I was looking at the answer provided by Andy and the comments attached to it, and together they add up to a reasonable answer.

There are several ways to measure a day, the two most common are sidereal and solar. A sidereal day is the time it take earth to rotate 360°; a solar day is the amount of time it takes the earth to rotate such that the sun appears at the same meridian as the day before. (Sunrise and sunset aren't really good references, as they are influenced by atmospheric conditions that affect refraction.) The solar day, or more accurately the mean solar day, is the day our calendars measure. The mean solar day is exactly what it says, the average amount of time during the course of a year that it takes for the sun to appear over the same meridian from day to day.

Unfortunately, the definition of a sidereal day is very often given as the definition of a day, which is totally inaccurate, and very confusing.

The length of the solar day varies during the year because the of Earth's distance from the sun; it is closer in January and farther in July. Because it is closer in January; it is also moving faster, which means that the planet has to rotate more for the sun to appear over the same meridian.

If you can get your head around this, the concept really isn't very complicated.

Wow, I am amazed that none of the answers mentioned leap seconds.

A day is defined by the average time it takes 'the sun to rotate around earth'. See the picture below, 24 hours passed between step 1 and 3. The time between step 1 and 2 is slightly shorter (~4 minutes shorter) and is called sidereal day. So the a day the reference point is the Sun, while for the sidereal day the reference are celestial objects.

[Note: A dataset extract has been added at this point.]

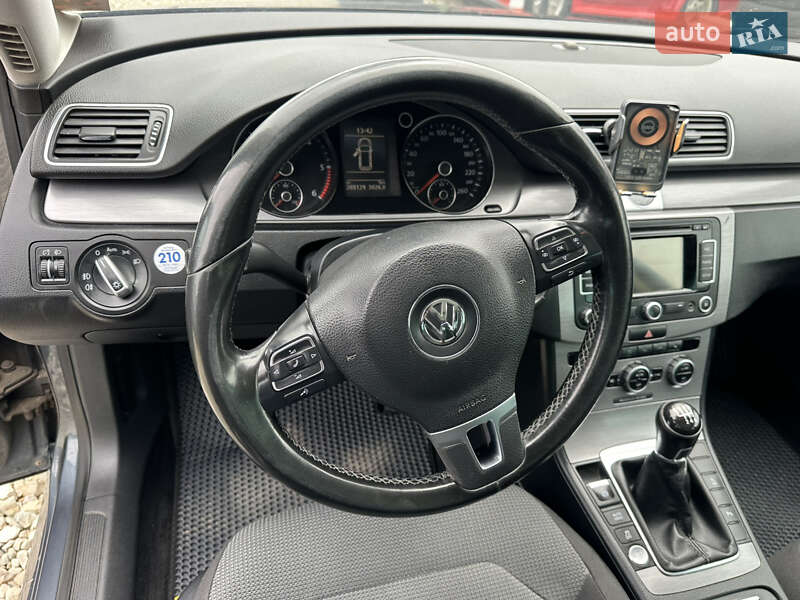 Універсал Volkswagen Passat 2014 в Івано-Франківську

Unfortunately, as a clever person may note, the period of Earth's rotation can vary in time, but the definition of 1 second is fixed (based on cesium radiation cycles). If we define a day as a 24*3600 seconds then it will also be fixed and hence unable to accommodate the variability of Earth's rotation period. We are lucky as the average solar period is currently very close to 24*3600 seconds.

However, in case the time of day goes out of sync we have a leap seconds such that we can make certain days slightly shorter or longer if desired - eg we can make 3rd of November 2020 last 24*3600 + 1 seconds instead of the usual, this way we ensure that the time is always in sync.

It will be interesting to see what happens in the future when the earths rotation slows down - will we have, say 3599 seconds per hour? :) Adjusting the definition of a second or an hour is definitely a bad idea, so are constant leap seconds. I guess we will have a leap minute ~4 times a year (on regular predefined times) to keep the solar time in sync.